• Dataset excerpt

☆ ☆ ☆ ☆

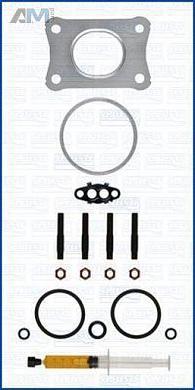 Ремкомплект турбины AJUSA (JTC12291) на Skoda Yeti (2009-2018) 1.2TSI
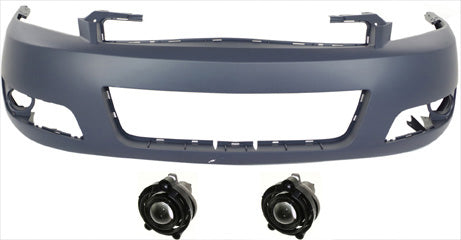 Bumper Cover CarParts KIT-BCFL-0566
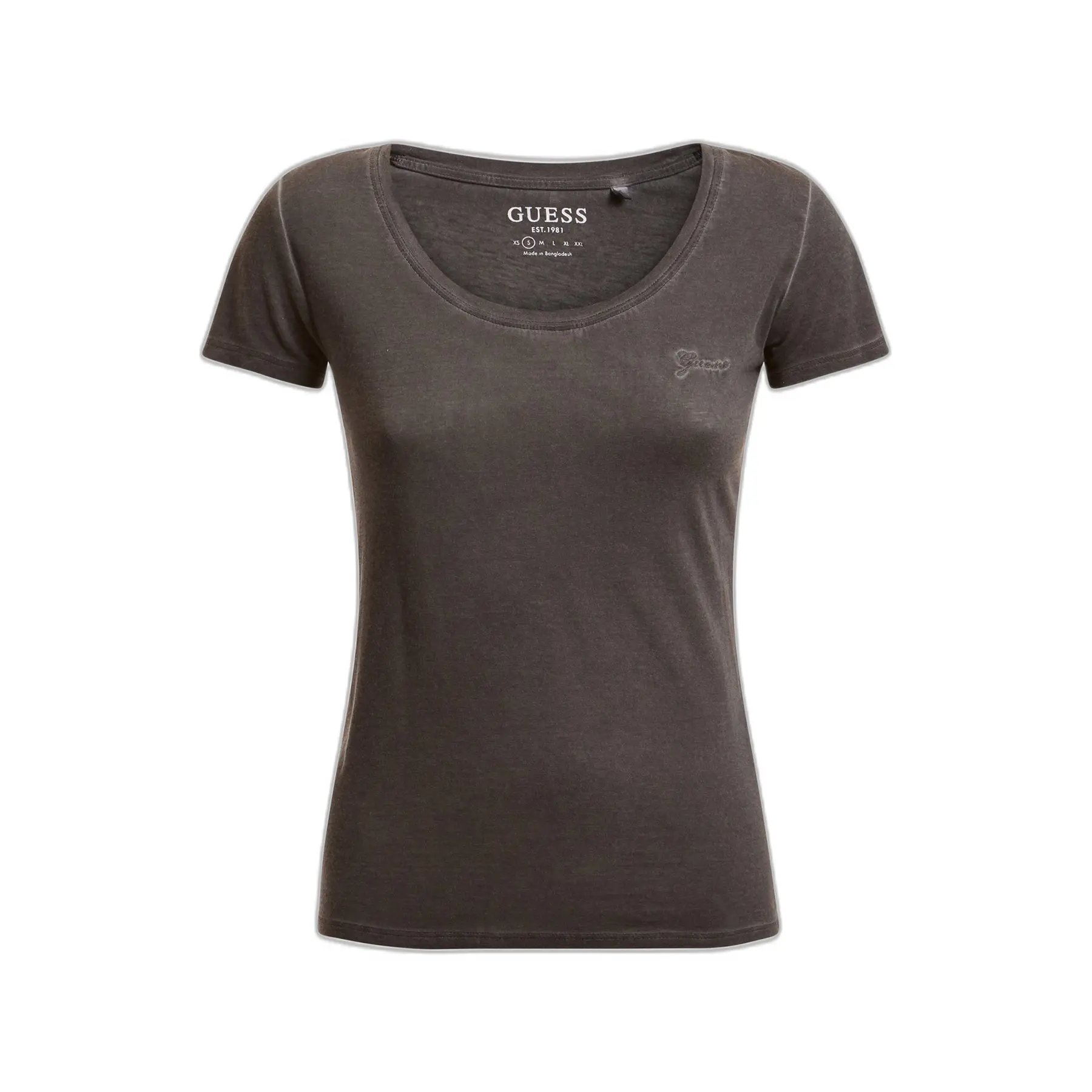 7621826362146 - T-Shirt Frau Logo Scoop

☆ ☆ ☆ ☆

• What is needed
Could the listing above be printed again in full, with every picture omitted?

• Answer section
 Ремкомплект турбины AJUSA (JTC12291) на Skoda Yeti (2009-2018) 1.2TSI
 Bumper Cover CarParts KIT-BCFL-0566
 7621826362146 - T-Shirt Frau Logo Scoop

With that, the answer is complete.